Albert Camus
Renowned author Albert Camus’ thesis at the age of 23 in order to complete his studies at the University of Algiers. It is his first attempt to explore humanist ethics, and draws from ancient Greek and Roman sources.
Contemporary scholarship tends to view Albert Camus as a modern, but he himself was conscious of the past and called the transition from Hellenism to Christianity the true and only turning point in history. For Camus, modernity was not fully comprehensible without an examination of the aspirations that were first articulated in antiquity and that later received their clearest expression in Christianity. These aspirations amounted to a fundamental reorientation of human life in politics, religion, science, and philosophy. Understanding the nature and achievement of that reorientation became the central task of Christian Metaphysics and Neoplatonism. Primarily known through its inclusion in a French omnibus edition, it has remained one of Camus’ least-read works, yet it marks his first attempt to understand the relationship between Greek philosophy and Christianity as he charted the movement from the Gospels through Gnosticism and Plotinus to what he calls Augustine’s second revelation of the Christian faith.
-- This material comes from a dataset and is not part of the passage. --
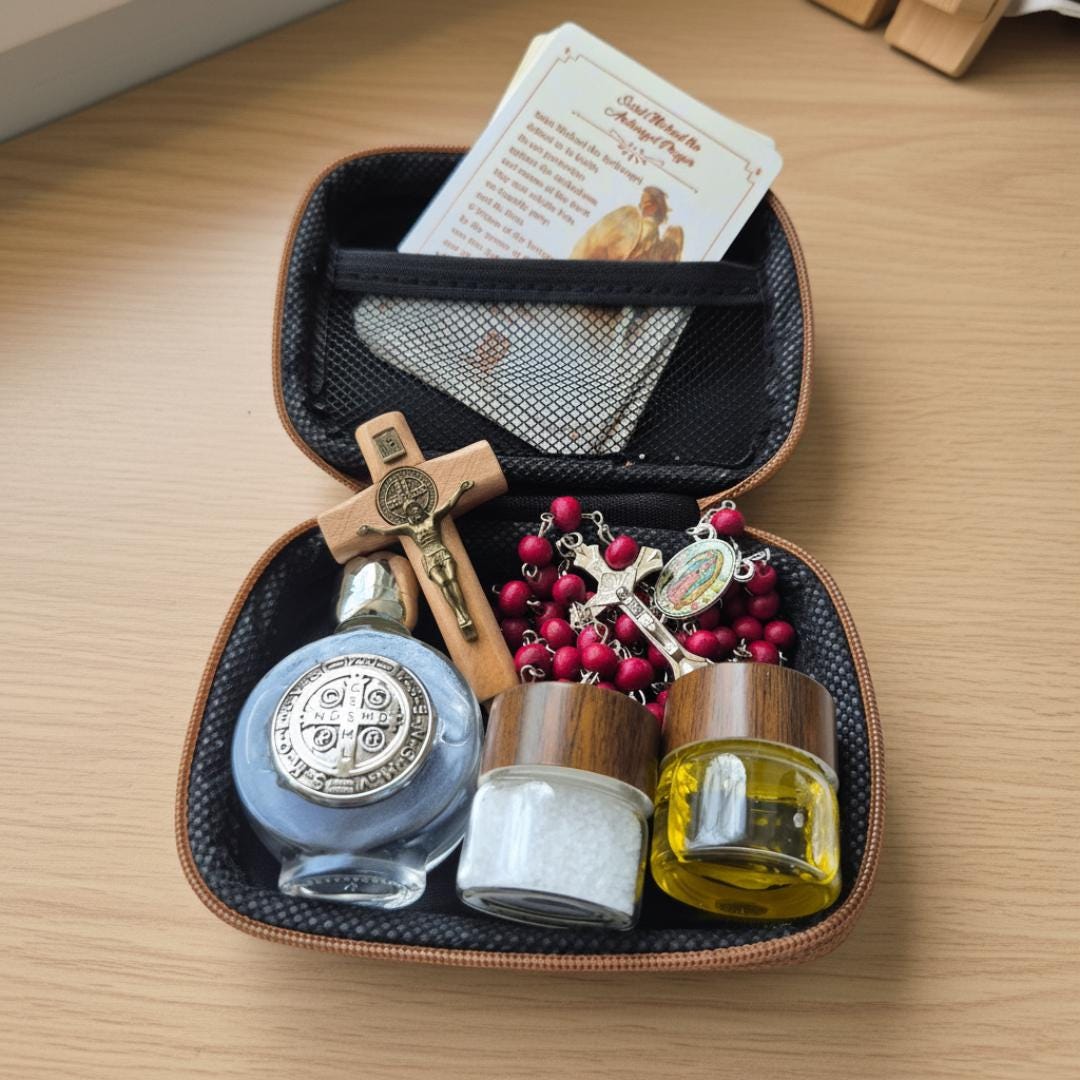 Catholic Travel Prayer Kit Personalized St Benedict Rosary Holy Water ...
Ronald Srigley translated this seminal document into English in 2015, which helps illuminate these aspects of Camus’ work. His freestanding English edition exposes readers to an important part of Camus’ thought that is often overlooked by those concerned primarily with the book’s literary value. Arguing that Camus was one of the great critics of modernity through his attempt to disentangle the Greeks from the Christians, Srigley clearly demonstrates the place of Christian Metaphysics in Camus’ oeuvre.
Albert Camus was a French philosopher and author who lived from 1913-1960 in France and Algeria. He is best known for his books The Stranger and The Myth of Sisyphus.